SHEPHERD MARKET,
17th February.
MY Dear Agatha,—So you, too, remembered! Strange, after our having overlooked the anniversary for so long! The violets you picked for me in your garden that afternoon scented my room for days. Thank you.
Acting on your advice, I took Mrs. D. to the London Museum yesterday. You are quite right, the place was made for children, and the old lady thoroughly enjoyed herself.
The basement, with its long stone-paved corridors, its gloom (dispelled, I am forced to admit, by electric light), is the right place for the models of ancient London, old doorways, knockers, horn lanthorns, oak panelling, relics of Newgate, prison cells, and yellowed news sheets containing the accounts of the execution of celebrated criminals.

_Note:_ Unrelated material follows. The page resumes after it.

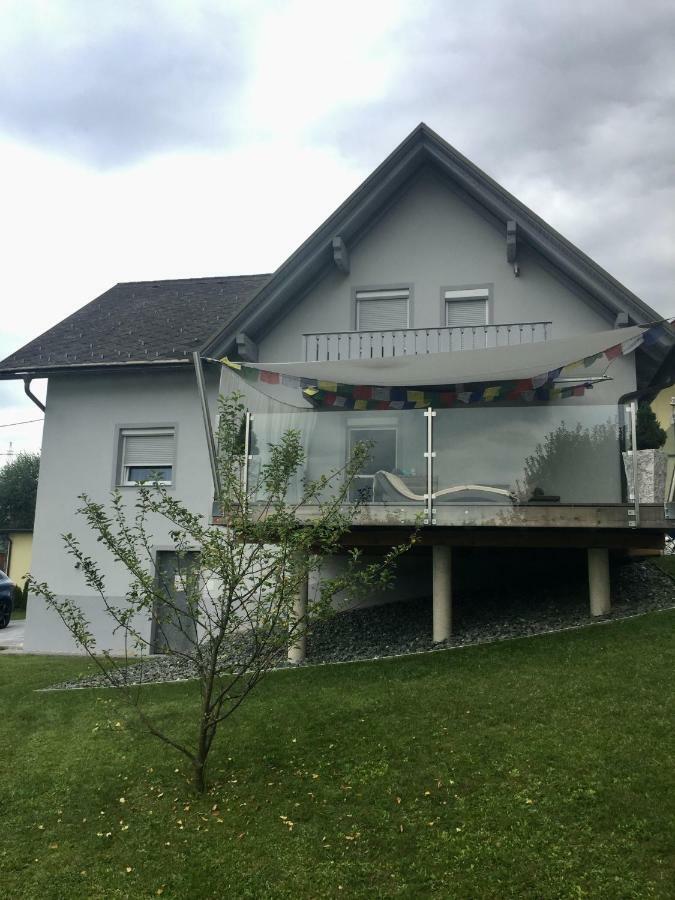 Ferienwohnung H&H Happy Holiday Velden am Wörthersee Exterior foto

One catches the mood of the place when one gets to the bottom of the stairs and sees the row of wooden figures each of which has weathered many a storm from its post outside some shop in the London streets of a hundred and fifty years or more ago. The grocers' Chinaman, the tobacconists' Highlander, and the scale-makers' figure of Justice. Now and again, at rare intervals, we may meet the Highlander outside a tobacconist's, or the figure of Justice over the scale-maker's window, but the Chinaman seems to have completely disappeared.

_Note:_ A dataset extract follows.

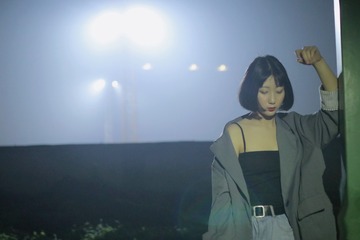 001
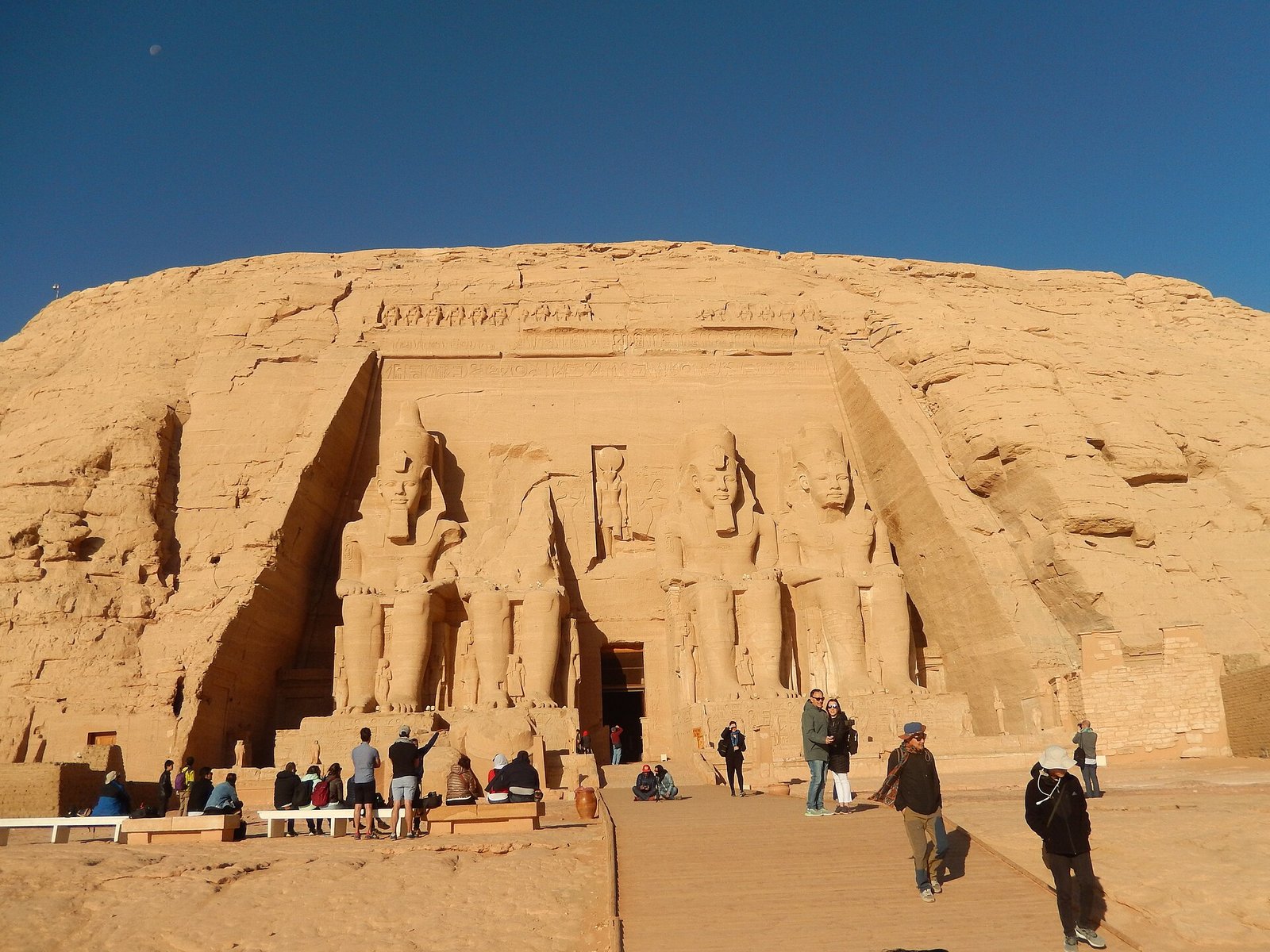 I colossi di Ramses II sulla facciata del Grande Tempio di Abu Simbel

To go into the basement of the London Museum is like opening the door of some dim, dusty lumber-room and unearthing the forgotten toys of our childhood. Things which we greet with an indulgent smile, and now and again a sigh. The basement is a place to visit on that sort of idle afternoon in early Spring when one is moved to turn out old letters, to bring to mind the playmates of one's youth, and muse, while the light wanes, on the changes the years have brought.
Here is a shop-front of George III's time, and behind the small-paned window a grotesque collection of ragged puppets, the property of some long-defunct proprietor of a Punch and Judy show. Many a time must those grimacing dolls have played in the immortal drama to an audience of our great-great-great-grandfathers.
The oak-panelled, seventeenth century parlour where a man sits drinking by candle-light sets one speculating. There are his gloves on the table and his pipe, which he has removed from his pocket. His wife has filled his glass with wine, and stands telling him what has been happening during his absence. He sits back in his chair, too intent on her news to fill his pipe or lift the glass to his lips. The Great Fire, perhaps, is raging at that very moment, and the wife may be telling her husband that three hundred houses are already burnt, and how the churches were all filled with goods and people. Or maybe it is of the outbreak of the plague which the man learns, and the fear of which makes him forget his pipe and the wine poured out at his elbow. Every time I go to the London Museum I visit the pair, and always they are carrying on that same conversation. The woman's dress gets dustier and dustier, and the wine in the glass does not grow less. People come and stare and go away, leaving the couple unmoved. Is it my fancy, that when I come, the conversation in that oak-panelled room becomes more tense, and if only I stayed long enough I should discover what it was about?
In the model of old London Bridge Mrs. D. found something with which she is now familiar, and my character for veracity with her went up by leaps and bounds. The spiked heads on the battlements might have belonged to objectionable relatives, with such satisfaction did she greet them. The model of the old bridge clothed the dry bones of the past with flesh, and Mrs. D., as a student of history, got a move on. One can sympathise with her scepticism when one looks across at Bankside with its gabled houses sleeping in the sunlight, and the glimpse of a white country road shaded by green trees. That, Bankside! Surely, never! I did not voice the thought, not wishing to quench the flax of the old lady's newly acquired faith.